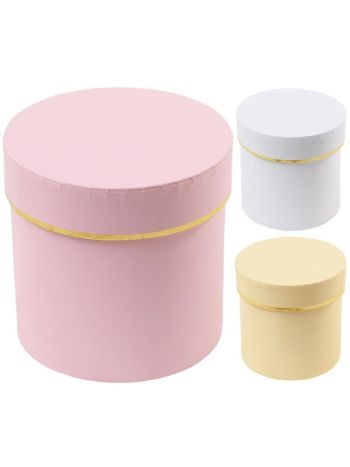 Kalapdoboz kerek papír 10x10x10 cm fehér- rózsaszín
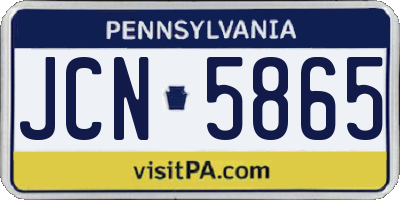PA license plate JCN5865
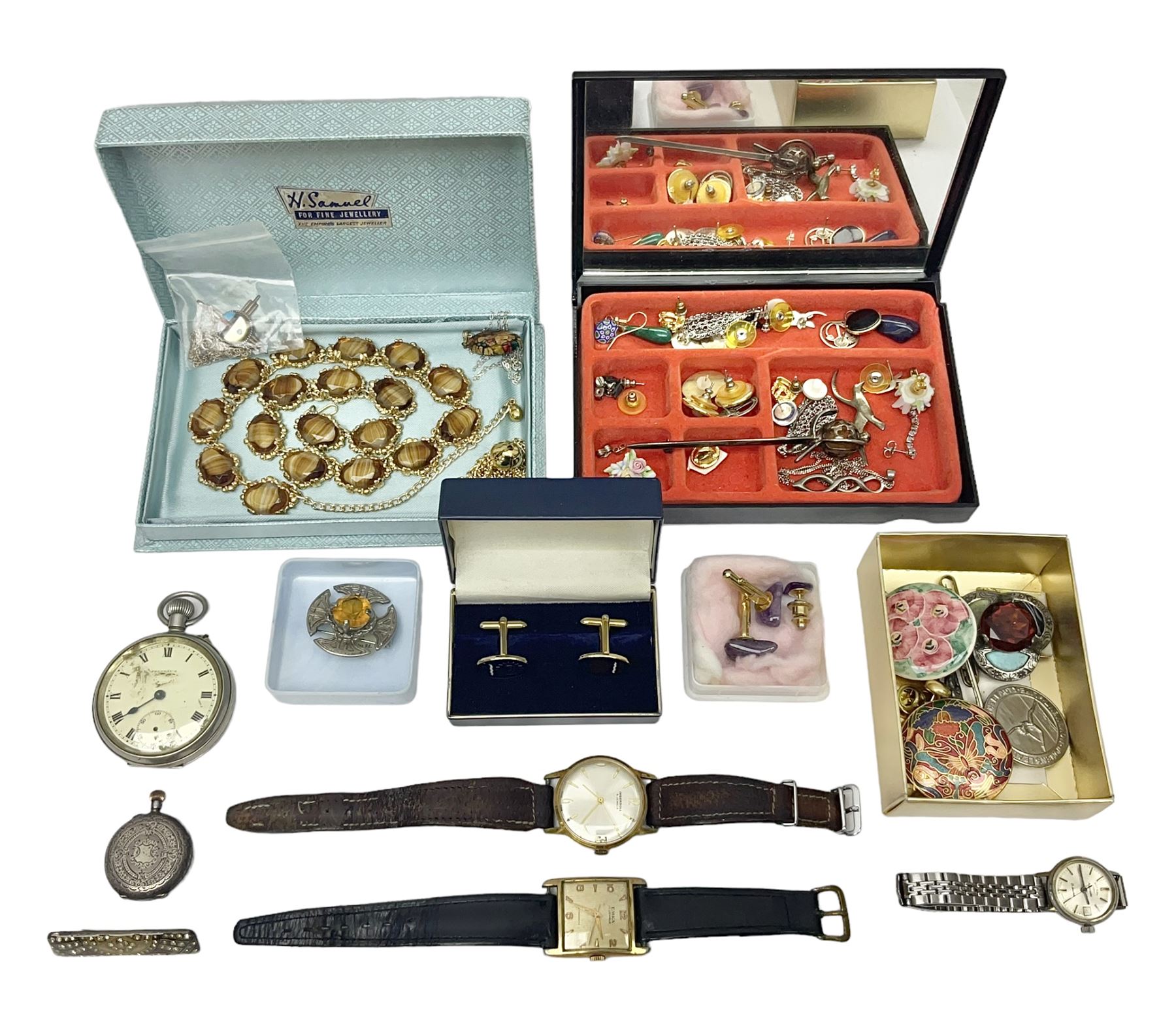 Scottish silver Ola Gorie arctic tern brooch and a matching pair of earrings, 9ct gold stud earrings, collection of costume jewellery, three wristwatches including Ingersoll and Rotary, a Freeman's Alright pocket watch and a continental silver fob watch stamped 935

_Goal of the exercise_
Exclude the pictures. Write out the remaining data exactly.

_Problem solution_
 Kalapdoboz kerek papír 10x10x10 cm fehér- rózsaszín
PA license plate JCN5865
 Scottish silver Ola Gorie arctic tern brooch and a matching pair of earrings, 9ct gold stud earrings, collection of costume jewellery, three wristwatches including Ingersoll and Rotary, a Freeman's Alright pocket watch and a continental silver fob watch stamped 935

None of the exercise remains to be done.